The Exacerbating Street Design of Old Boston


“They say the cows laid out Boston. Well, there are worse surveyors.” – Ralph Waldo Emerson

credit to multiple Facebook Posts

credit: many facebook posts

-by Jon Cotton

When the Puritans came in 1630, they had a great grand vision about being God’s chosen people and establishing a new “promised land” etc.  Another of their great grand famous objectives was to avoid immediate death.  Harsh conditions killed half the Plymouth group their first year.  Shelter and food were first.  Public ways were not first. Nor, apparently, were they quite second.  The settlers labored.  And paths developed, unplanned, in answer to necessity.  And so they were not extremely organized.  No one on record says the streets were extremely organized.  About this facet of Americana there is no debate.  They were organized like strings of spaghetti in a baby’s bowl, or tangled threads in a ball of string – a fractal geometry.

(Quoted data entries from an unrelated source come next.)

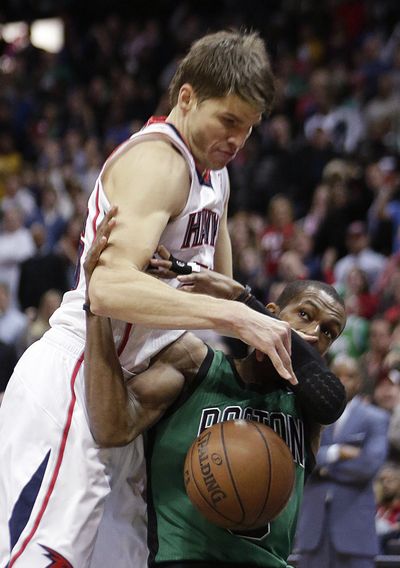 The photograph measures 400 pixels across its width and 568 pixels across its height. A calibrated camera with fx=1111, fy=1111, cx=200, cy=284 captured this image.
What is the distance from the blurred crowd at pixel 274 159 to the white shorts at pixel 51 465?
74.5 inches

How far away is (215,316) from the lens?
128 inches

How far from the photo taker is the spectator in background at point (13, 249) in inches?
447

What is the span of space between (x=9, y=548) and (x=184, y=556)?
1.83 feet

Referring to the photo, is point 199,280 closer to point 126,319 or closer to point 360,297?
point 126,319

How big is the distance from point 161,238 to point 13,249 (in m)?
7.94

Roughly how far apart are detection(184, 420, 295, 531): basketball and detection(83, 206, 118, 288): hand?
2.10 feet

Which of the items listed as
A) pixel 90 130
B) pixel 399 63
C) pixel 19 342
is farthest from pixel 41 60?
pixel 19 342

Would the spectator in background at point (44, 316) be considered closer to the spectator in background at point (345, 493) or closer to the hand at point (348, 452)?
the spectator in background at point (345, 493)

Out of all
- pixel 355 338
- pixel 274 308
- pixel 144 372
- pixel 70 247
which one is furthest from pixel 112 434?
pixel 70 247

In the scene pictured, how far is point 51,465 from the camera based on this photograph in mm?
3529

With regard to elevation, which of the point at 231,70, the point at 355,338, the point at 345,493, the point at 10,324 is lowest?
the point at 10,324

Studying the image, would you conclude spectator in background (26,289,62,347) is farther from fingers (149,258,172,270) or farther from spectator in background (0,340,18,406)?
fingers (149,258,172,270)

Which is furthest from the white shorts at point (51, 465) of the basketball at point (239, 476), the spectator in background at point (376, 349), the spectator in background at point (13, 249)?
the spectator in background at point (13, 249)

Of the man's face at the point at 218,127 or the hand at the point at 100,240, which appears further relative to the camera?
the man's face at the point at 218,127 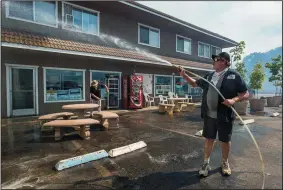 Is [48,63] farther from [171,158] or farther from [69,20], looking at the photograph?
[171,158]

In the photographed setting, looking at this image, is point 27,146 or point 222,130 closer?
point 222,130

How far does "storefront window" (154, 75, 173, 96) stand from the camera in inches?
564

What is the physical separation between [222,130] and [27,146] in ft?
15.1

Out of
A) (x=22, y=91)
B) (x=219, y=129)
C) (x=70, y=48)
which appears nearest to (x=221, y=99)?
(x=219, y=129)

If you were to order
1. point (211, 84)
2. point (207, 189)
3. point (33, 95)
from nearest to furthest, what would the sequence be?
point (207, 189)
point (211, 84)
point (33, 95)

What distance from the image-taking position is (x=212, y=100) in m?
3.02

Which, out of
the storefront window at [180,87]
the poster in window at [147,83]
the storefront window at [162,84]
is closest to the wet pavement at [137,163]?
the poster in window at [147,83]

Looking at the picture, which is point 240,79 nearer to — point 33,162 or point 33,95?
point 33,162

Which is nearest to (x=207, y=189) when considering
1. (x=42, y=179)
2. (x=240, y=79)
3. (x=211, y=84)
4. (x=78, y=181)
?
(x=211, y=84)

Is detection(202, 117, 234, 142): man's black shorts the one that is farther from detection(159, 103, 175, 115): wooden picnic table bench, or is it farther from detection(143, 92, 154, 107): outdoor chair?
detection(143, 92, 154, 107): outdoor chair

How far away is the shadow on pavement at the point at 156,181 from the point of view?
110 inches

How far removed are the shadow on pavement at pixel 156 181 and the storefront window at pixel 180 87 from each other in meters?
13.3

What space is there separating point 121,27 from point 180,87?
25.0 feet

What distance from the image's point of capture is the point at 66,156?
394 cm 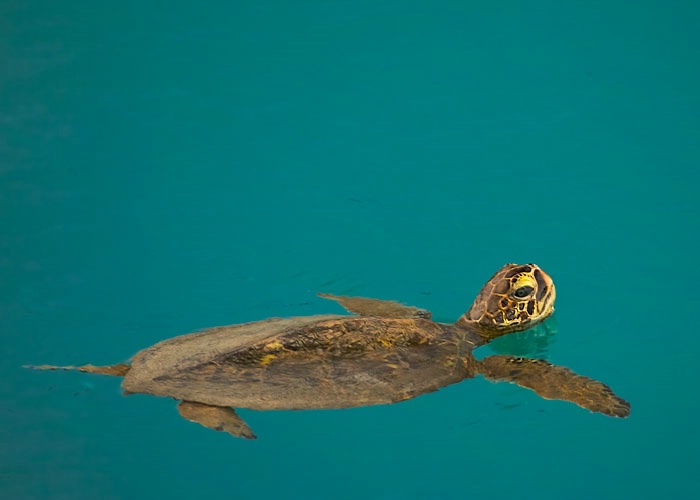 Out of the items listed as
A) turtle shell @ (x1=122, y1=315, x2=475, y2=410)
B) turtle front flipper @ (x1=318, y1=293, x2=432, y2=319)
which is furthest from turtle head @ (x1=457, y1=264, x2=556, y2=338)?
turtle shell @ (x1=122, y1=315, x2=475, y2=410)

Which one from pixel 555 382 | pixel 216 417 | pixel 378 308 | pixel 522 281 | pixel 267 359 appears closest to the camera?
pixel 216 417

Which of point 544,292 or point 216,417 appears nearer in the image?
point 216,417

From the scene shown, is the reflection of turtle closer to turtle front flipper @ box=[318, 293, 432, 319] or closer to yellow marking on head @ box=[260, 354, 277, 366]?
yellow marking on head @ box=[260, 354, 277, 366]

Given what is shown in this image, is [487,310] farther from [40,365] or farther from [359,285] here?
[40,365]

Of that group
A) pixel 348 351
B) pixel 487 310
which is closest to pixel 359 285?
pixel 487 310

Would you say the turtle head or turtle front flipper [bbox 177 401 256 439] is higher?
the turtle head

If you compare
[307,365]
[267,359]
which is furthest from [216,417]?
[307,365]

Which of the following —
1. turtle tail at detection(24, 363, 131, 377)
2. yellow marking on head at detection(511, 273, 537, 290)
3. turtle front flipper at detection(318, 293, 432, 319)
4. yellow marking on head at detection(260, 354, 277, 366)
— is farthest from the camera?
turtle front flipper at detection(318, 293, 432, 319)

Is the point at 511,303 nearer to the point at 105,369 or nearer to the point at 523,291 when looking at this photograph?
the point at 523,291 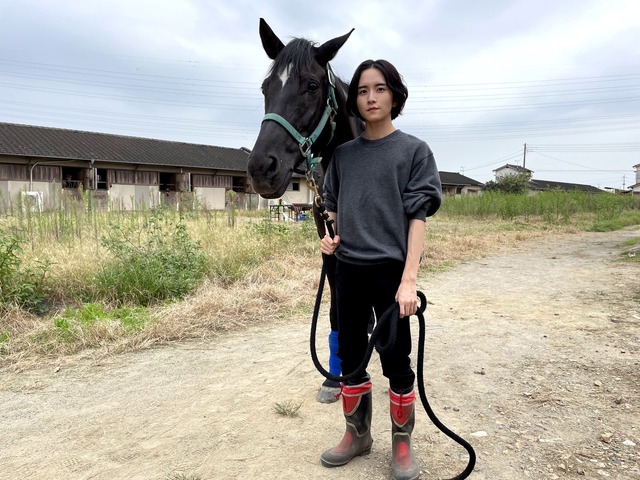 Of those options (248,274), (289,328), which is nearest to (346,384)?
(289,328)

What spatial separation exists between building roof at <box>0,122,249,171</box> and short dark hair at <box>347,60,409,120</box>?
19146 mm

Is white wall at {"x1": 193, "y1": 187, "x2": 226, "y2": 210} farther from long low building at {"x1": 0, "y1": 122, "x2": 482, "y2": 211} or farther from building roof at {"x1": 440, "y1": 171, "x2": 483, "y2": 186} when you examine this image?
building roof at {"x1": 440, "y1": 171, "x2": 483, "y2": 186}

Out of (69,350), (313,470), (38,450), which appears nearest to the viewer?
(313,470)

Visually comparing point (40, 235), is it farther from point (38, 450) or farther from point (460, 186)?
point (460, 186)

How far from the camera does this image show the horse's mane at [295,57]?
6.43 feet

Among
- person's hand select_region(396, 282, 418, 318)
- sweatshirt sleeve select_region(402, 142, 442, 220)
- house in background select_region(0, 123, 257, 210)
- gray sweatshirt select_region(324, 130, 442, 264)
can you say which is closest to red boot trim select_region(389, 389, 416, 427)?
person's hand select_region(396, 282, 418, 318)

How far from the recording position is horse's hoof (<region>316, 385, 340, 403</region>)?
2.47 m

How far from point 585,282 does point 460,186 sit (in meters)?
34.9

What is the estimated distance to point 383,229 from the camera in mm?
1680

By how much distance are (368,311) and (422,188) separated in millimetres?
579

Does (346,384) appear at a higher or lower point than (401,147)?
lower

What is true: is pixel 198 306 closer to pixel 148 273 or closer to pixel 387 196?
pixel 148 273

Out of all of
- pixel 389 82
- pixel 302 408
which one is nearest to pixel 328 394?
pixel 302 408

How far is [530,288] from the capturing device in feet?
17.9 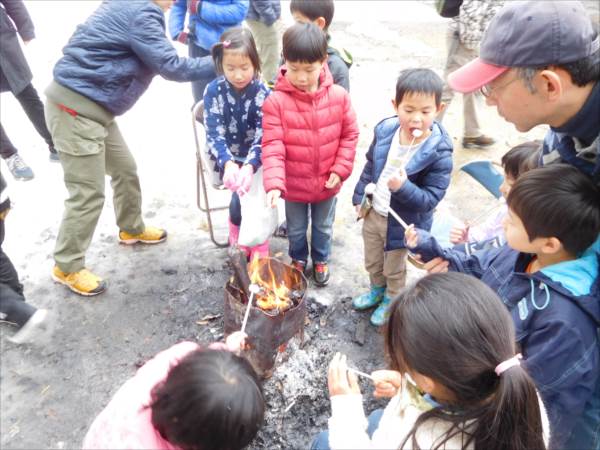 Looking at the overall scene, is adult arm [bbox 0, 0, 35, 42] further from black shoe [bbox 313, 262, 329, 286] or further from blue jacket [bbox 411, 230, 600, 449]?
blue jacket [bbox 411, 230, 600, 449]

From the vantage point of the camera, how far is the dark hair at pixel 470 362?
4.58 ft

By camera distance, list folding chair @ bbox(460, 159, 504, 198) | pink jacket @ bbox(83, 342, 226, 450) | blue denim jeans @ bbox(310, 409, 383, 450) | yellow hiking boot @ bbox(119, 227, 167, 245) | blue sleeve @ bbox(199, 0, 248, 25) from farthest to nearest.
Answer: blue sleeve @ bbox(199, 0, 248, 25) < yellow hiking boot @ bbox(119, 227, 167, 245) < folding chair @ bbox(460, 159, 504, 198) < blue denim jeans @ bbox(310, 409, 383, 450) < pink jacket @ bbox(83, 342, 226, 450)

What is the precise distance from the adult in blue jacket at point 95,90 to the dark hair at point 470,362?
2.61m

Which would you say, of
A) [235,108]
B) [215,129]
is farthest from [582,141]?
[215,129]

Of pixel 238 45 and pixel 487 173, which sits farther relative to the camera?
pixel 487 173

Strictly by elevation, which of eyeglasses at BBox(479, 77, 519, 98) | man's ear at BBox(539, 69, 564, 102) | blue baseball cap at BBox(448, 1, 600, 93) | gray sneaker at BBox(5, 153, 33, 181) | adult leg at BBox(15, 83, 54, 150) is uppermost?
Answer: blue baseball cap at BBox(448, 1, 600, 93)

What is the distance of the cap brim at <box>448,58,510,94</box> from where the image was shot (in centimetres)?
196

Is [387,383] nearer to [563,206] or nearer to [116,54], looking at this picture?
[563,206]

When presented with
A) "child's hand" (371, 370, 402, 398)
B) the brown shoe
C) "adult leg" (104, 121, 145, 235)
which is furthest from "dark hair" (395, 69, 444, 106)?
the brown shoe

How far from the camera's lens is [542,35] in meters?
1.77

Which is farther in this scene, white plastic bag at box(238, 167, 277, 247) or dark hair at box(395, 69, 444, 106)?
white plastic bag at box(238, 167, 277, 247)

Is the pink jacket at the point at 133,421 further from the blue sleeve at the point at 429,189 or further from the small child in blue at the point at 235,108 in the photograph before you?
the small child in blue at the point at 235,108

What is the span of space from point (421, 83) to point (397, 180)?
0.59 meters

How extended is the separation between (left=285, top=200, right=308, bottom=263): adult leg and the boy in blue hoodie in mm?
1858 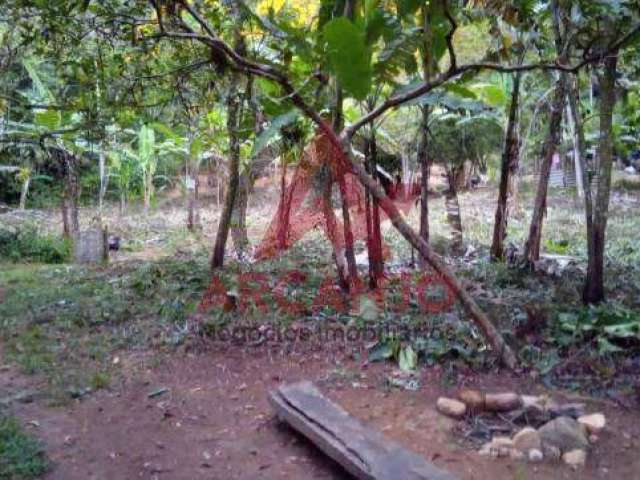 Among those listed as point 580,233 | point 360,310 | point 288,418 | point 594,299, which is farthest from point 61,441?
point 580,233

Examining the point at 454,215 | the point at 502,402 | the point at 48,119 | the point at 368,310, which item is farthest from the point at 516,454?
the point at 48,119

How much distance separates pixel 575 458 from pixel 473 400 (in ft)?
2.04

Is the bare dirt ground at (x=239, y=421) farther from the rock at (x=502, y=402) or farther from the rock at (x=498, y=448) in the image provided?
the rock at (x=502, y=402)

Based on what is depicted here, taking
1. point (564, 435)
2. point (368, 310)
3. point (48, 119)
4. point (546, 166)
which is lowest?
point (564, 435)

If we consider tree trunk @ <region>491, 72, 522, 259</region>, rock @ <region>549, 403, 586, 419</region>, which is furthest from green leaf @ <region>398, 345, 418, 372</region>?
tree trunk @ <region>491, 72, 522, 259</region>

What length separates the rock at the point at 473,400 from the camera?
354 cm

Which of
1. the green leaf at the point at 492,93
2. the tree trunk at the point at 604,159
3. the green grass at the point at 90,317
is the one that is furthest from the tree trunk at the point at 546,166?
the green grass at the point at 90,317

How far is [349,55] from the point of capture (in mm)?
4086

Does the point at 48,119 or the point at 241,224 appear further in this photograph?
the point at 241,224

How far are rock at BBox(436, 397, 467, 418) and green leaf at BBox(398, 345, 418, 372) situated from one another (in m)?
0.58

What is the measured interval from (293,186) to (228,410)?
2061 mm

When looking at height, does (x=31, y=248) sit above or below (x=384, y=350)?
below

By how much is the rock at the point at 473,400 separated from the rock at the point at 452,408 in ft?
0.09

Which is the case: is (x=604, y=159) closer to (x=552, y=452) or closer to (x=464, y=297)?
(x=464, y=297) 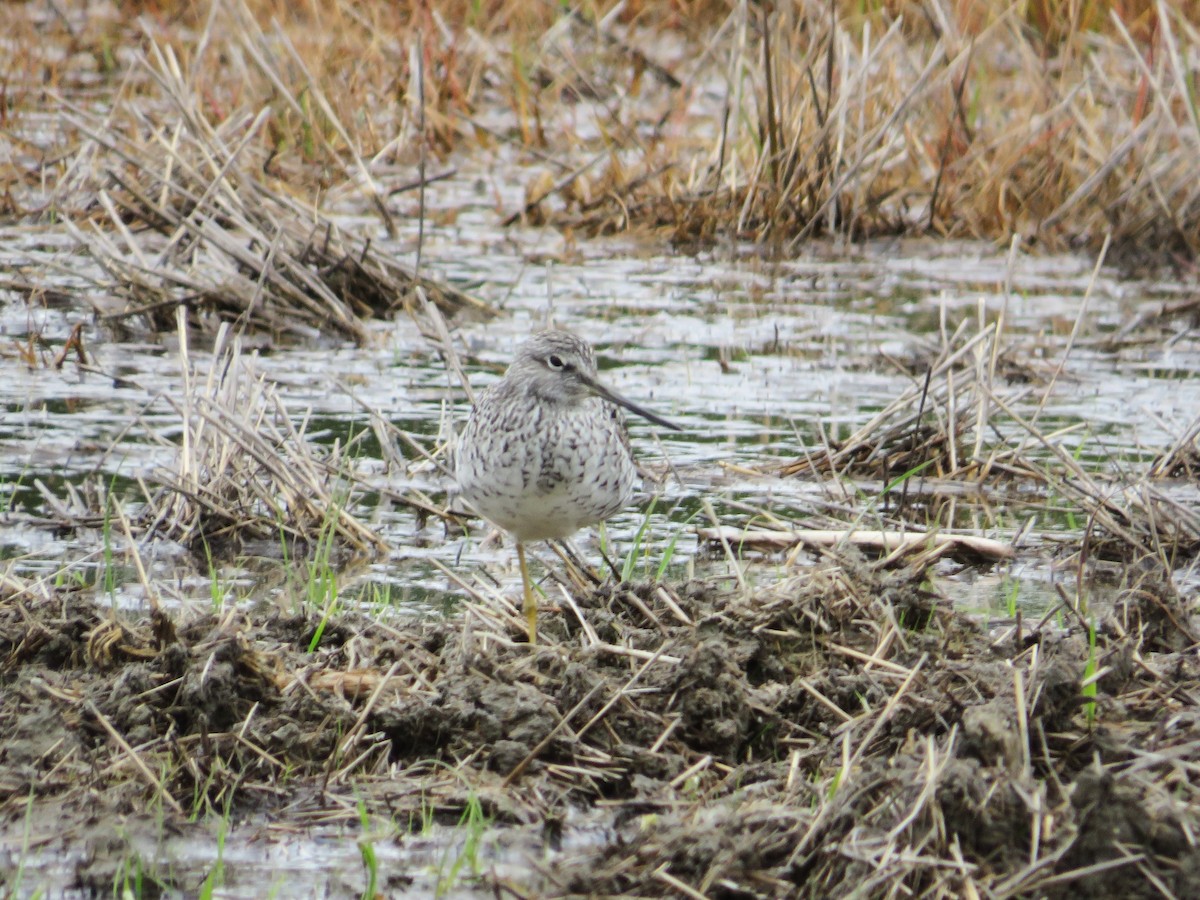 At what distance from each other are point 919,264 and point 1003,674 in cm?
676

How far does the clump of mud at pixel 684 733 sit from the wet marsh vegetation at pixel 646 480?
0.01m

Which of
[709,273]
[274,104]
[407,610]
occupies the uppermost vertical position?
[274,104]

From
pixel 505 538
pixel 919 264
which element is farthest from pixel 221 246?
pixel 919 264

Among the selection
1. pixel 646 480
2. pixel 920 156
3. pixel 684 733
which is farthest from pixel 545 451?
pixel 920 156

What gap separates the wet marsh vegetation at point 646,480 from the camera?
393 cm

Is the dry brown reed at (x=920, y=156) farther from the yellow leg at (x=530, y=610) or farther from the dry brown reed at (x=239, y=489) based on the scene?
the yellow leg at (x=530, y=610)

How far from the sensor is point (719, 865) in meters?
3.62

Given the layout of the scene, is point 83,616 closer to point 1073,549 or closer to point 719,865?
point 719,865

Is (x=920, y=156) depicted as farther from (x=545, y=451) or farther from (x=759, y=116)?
(x=545, y=451)

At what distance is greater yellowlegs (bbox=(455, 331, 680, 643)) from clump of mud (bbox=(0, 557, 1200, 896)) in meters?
0.29

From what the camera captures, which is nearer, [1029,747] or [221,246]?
[1029,747]

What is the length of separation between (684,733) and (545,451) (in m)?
1.02

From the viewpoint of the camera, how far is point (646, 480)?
7199 millimetres

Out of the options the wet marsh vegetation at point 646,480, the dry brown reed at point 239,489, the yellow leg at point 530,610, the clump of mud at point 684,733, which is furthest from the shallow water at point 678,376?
the clump of mud at point 684,733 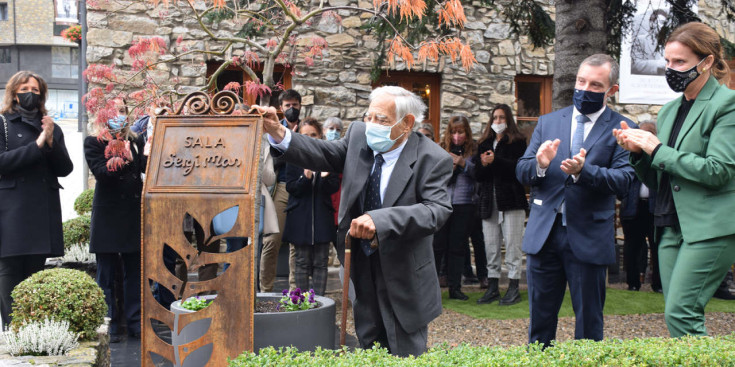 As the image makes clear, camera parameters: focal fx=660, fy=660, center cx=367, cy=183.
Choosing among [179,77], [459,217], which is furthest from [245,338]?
[179,77]

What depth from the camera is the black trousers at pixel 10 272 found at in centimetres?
496

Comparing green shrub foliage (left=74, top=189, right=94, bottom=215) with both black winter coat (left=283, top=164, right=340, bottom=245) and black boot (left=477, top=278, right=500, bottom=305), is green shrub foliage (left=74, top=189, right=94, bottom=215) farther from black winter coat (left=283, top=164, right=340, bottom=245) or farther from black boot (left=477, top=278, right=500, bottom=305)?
black boot (left=477, top=278, right=500, bottom=305)

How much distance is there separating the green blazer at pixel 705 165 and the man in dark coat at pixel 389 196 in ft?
3.73

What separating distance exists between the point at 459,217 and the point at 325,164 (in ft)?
13.5

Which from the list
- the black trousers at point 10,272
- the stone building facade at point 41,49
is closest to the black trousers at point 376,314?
the black trousers at point 10,272

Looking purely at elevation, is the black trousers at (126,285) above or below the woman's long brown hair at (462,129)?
below

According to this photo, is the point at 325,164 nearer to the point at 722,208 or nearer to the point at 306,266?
the point at 722,208

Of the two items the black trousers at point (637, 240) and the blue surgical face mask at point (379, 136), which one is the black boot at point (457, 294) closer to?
the black trousers at point (637, 240)

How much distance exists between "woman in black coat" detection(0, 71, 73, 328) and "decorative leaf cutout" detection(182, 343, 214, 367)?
2.61 m

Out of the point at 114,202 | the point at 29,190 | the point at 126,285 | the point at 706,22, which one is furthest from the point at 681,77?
the point at 706,22

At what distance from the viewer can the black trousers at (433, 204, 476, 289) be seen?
7.13 m

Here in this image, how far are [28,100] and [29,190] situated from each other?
70cm

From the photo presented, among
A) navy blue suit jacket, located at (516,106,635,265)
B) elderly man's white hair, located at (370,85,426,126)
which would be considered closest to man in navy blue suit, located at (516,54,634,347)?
navy blue suit jacket, located at (516,106,635,265)

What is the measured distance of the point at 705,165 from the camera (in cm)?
311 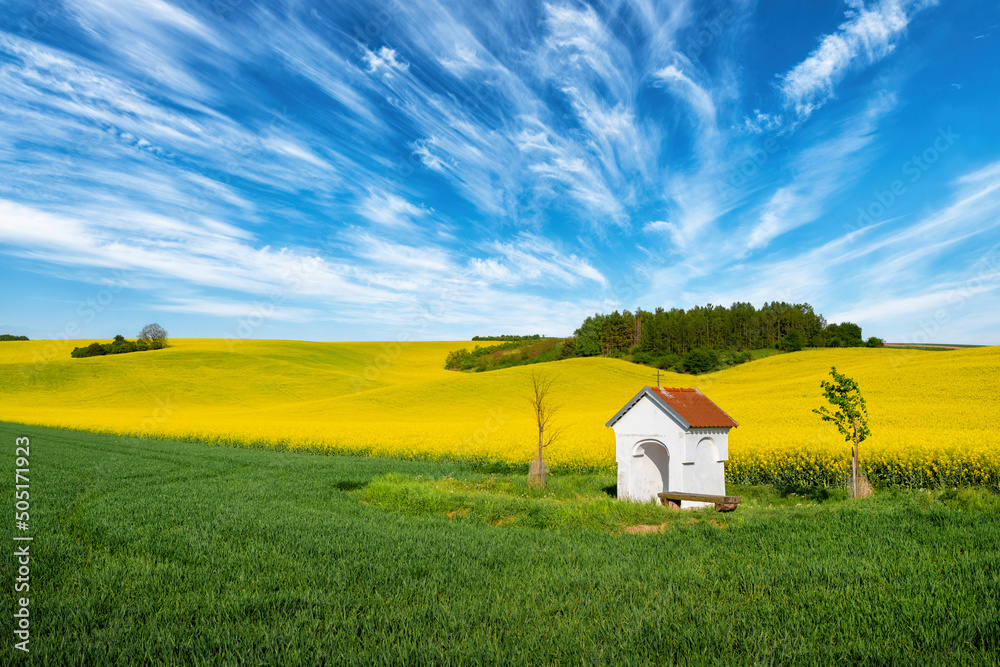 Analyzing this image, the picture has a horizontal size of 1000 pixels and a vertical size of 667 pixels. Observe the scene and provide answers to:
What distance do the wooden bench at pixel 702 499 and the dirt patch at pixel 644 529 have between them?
1.39 meters

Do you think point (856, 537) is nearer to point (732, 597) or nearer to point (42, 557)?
point (732, 597)

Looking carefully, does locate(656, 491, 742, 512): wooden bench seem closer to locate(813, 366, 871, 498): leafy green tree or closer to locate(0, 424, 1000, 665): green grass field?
locate(0, 424, 1000, 665): green grass field

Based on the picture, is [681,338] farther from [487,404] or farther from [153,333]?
[153,333]

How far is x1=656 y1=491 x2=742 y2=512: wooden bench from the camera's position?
9.79m

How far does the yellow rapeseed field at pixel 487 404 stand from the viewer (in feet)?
51.1

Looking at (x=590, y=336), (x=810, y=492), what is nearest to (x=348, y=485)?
(x=810, y=492)

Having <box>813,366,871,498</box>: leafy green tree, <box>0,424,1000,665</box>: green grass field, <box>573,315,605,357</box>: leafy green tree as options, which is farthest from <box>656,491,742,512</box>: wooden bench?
<box>573,315,605,357</box>: leafy green tree

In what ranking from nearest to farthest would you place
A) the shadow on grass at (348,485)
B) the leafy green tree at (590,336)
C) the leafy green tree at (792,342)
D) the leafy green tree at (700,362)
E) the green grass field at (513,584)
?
the green grass field at (513,584) → the shadow on grass at (348,485) → the leafy green tree at (700,362) → the leafy green tree at (792,342) → the leafy green tree at (590,336)

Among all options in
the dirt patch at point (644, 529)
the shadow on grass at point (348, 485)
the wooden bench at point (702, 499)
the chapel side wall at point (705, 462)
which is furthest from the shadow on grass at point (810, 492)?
the shadow on grass at point (348, 485)

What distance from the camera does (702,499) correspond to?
34.3ft

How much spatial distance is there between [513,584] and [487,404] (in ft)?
120

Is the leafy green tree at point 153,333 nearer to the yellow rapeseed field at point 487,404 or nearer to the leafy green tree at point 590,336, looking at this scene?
the yellow rapeseed field at point 487,404

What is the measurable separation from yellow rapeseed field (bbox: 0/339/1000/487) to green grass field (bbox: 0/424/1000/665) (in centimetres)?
518

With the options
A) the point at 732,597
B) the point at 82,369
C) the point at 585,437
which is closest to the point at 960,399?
the point at 585,437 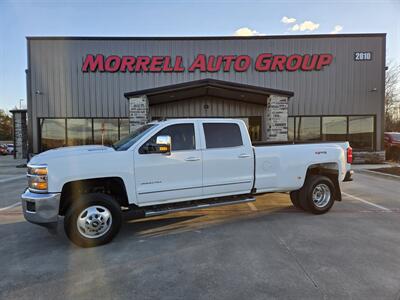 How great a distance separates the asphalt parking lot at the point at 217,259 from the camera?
2.95 meters

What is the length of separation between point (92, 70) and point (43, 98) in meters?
3.53

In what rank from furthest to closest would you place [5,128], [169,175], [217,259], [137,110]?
1. [5,128]
2. [137,110]
3. [169,175]
4. [217,259]

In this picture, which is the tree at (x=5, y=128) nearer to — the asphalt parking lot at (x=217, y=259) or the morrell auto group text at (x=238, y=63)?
the morrell auto group text at (x=238, y=63)

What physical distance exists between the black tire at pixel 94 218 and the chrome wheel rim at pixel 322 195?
421cm

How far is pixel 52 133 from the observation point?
55.0ft

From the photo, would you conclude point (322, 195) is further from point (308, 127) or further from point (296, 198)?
point (308, 127)

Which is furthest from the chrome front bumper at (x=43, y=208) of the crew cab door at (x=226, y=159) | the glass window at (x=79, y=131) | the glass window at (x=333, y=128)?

There’s an old myth that goes back pretty far that says Boston’s streets were “formed by cows.”  This is of course ridiculous.  Though not designed in advance, the streets had nonetheless a fundamental sense: they connected the main nodes of interest – meanderingly, so be it – to each other.  But these centers of interest were human centers of interest; they were not centers of cow interest.  For example there was the market where a slaughtered cow might be sold.  This was not the kind of place a cow might be eager to get to.  In fact cows are not smart travelers.  They hardly know where to go at all.  They may taste great, but they’re really stupid.  In fact, no cow is known ever to have designed any urban street plan.  Their hooves make it impossible to hold a pencil.  The first real architect in Boston was Charles Bulfinch, much later, and he was not a cow.